Your objective: Repeat the stretch of entries below from the line with "Flat Marina Place in Greater London" through the line with "Europoseł o wyroku". Include both ends and add nothing.

(Material for this exercise)

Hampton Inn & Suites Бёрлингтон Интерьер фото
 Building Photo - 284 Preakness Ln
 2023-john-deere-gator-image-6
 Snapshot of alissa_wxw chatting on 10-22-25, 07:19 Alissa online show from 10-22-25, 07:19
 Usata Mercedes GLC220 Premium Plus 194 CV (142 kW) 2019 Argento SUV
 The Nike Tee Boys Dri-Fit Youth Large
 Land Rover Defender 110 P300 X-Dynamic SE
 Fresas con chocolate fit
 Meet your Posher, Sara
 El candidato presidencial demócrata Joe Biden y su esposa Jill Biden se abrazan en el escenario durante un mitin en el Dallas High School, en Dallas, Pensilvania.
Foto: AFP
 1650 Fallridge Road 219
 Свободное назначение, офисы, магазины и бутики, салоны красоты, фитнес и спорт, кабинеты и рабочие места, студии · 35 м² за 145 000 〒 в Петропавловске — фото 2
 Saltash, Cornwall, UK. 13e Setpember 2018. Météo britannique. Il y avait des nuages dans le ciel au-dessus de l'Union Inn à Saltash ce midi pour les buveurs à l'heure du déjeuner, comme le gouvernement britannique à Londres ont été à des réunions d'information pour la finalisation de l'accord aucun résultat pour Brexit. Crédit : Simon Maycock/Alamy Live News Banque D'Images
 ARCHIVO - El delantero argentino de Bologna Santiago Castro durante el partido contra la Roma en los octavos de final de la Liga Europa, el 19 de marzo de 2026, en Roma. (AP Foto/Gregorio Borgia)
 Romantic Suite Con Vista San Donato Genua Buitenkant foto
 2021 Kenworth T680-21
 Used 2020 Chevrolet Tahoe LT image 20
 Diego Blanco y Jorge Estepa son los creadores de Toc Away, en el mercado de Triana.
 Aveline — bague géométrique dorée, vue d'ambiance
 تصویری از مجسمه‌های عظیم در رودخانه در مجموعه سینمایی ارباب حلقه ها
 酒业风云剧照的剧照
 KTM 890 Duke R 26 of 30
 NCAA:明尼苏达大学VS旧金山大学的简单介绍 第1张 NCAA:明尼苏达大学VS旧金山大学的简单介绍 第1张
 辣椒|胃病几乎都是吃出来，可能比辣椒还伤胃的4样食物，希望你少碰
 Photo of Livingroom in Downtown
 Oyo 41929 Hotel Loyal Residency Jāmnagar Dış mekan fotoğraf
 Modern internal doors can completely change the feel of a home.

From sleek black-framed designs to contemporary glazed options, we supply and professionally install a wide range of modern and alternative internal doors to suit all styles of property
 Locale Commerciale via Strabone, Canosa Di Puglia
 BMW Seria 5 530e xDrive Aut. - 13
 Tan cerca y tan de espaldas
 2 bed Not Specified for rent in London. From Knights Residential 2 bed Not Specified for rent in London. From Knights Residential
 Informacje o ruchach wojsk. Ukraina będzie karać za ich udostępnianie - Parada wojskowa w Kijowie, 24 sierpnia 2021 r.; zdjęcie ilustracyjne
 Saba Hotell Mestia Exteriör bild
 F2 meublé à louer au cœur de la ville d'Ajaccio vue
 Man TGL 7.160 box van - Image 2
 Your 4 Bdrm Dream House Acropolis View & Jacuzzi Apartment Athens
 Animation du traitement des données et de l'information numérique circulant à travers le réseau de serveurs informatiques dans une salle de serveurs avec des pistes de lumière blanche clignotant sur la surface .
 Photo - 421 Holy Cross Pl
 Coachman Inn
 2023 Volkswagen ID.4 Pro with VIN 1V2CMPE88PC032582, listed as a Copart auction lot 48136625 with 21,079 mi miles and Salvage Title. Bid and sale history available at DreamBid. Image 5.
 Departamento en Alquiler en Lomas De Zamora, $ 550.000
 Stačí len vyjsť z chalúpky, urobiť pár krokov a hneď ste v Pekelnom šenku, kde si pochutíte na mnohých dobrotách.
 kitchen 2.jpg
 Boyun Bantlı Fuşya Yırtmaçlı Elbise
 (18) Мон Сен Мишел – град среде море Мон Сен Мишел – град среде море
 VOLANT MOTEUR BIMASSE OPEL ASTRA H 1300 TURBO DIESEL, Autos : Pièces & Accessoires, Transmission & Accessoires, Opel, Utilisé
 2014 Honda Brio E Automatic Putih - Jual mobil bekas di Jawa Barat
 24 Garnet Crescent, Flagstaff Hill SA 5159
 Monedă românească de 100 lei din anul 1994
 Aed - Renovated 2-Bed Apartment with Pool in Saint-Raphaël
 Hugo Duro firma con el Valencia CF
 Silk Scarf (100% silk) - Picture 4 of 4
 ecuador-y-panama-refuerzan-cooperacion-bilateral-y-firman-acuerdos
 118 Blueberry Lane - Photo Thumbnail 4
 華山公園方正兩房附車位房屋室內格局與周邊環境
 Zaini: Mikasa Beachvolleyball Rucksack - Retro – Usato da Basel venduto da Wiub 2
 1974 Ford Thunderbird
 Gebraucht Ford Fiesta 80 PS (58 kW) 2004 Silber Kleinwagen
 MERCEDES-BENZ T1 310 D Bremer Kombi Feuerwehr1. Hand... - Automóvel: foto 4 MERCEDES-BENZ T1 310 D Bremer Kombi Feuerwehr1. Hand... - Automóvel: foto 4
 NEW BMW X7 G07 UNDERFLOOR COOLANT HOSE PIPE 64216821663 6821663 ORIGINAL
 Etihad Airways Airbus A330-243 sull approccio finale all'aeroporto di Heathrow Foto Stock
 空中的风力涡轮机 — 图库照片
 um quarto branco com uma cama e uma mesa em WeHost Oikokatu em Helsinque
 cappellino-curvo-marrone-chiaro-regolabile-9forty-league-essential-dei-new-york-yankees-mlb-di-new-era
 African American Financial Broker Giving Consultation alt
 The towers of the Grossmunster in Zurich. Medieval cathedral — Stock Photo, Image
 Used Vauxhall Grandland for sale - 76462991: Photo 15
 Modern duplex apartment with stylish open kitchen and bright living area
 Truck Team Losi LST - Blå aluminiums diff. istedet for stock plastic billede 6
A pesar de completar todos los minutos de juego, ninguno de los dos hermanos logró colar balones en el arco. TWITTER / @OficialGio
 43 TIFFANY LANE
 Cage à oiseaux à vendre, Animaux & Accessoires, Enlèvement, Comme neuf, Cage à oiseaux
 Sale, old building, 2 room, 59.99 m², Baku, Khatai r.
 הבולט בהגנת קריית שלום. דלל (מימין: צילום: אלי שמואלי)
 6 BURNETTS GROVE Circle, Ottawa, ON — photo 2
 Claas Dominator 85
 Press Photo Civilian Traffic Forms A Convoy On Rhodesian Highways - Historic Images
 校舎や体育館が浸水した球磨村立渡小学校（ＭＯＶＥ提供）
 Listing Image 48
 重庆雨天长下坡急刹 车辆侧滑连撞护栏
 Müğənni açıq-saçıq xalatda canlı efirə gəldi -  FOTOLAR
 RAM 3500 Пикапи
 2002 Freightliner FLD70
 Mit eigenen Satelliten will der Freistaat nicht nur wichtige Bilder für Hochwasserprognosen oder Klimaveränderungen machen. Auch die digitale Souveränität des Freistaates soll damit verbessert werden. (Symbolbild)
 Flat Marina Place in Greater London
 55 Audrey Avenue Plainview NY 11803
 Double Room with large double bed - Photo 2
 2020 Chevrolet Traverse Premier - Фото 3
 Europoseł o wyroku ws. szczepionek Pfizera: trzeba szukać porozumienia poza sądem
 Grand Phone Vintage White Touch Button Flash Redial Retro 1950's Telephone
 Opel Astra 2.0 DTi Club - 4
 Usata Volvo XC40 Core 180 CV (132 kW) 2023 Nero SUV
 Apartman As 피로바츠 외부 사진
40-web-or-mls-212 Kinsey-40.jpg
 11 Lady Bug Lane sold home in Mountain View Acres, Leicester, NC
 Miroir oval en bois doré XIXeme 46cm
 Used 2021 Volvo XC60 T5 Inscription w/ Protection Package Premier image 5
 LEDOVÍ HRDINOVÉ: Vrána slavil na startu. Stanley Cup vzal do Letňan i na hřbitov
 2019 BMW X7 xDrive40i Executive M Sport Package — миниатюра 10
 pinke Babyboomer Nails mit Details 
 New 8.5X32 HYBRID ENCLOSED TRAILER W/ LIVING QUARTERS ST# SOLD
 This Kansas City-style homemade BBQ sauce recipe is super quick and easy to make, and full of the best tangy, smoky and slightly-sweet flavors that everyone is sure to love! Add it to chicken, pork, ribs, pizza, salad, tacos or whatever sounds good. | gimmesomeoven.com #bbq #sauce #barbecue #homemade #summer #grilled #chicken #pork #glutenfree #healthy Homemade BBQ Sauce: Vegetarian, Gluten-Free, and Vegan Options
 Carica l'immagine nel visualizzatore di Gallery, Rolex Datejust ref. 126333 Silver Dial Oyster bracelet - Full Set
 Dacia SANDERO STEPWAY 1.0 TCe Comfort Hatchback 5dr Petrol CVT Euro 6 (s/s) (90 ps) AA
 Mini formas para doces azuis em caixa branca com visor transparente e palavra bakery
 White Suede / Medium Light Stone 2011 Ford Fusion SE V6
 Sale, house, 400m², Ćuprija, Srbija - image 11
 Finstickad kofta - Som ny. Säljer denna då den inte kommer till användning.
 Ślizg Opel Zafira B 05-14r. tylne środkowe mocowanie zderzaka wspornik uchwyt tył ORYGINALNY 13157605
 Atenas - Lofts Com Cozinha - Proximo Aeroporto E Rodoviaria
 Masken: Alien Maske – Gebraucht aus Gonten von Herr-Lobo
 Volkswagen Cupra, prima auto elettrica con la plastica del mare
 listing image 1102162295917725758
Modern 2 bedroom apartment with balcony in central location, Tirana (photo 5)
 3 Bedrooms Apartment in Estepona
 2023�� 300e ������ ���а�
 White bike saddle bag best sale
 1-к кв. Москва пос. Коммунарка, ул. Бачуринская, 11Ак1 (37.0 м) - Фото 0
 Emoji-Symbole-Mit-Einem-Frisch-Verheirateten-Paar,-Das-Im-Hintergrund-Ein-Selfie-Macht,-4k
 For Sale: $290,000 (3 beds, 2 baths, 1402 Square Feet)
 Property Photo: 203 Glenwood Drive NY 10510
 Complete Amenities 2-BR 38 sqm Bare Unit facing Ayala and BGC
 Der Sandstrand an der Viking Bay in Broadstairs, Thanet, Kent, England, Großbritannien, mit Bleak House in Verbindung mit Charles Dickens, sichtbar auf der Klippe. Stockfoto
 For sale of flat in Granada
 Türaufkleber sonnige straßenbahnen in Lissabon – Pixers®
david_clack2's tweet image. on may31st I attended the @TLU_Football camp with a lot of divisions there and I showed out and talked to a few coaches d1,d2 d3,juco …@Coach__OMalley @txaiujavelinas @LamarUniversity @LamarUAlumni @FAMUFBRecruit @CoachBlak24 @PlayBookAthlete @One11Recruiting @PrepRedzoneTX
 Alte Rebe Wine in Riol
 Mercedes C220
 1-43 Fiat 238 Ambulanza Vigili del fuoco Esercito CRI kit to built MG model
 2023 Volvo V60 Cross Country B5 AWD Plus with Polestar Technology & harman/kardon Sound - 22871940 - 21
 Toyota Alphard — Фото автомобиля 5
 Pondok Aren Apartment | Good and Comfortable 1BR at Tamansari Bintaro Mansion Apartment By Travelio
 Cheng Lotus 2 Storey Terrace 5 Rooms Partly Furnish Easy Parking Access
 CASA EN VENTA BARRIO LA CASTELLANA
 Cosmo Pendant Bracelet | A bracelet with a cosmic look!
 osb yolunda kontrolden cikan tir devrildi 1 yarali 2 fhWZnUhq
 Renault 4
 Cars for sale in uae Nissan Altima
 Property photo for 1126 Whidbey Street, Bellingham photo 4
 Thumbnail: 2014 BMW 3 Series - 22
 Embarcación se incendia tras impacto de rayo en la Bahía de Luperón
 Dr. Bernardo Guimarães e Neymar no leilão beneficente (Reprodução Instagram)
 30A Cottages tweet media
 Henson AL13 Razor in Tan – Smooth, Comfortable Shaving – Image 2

(End Material for this exercise)

Finished exercise:
 Flat Marina Place in Greater London
 55 Audrey Avenue Plainview NY 11803
 Double Room with large double bed - Photo 2
 2020 Chevrolet Traverse Premier - Фото 3
 Europoseł o wyroku ws. szczepionek Pfizera: trzeba szukać porozumienia poza sądem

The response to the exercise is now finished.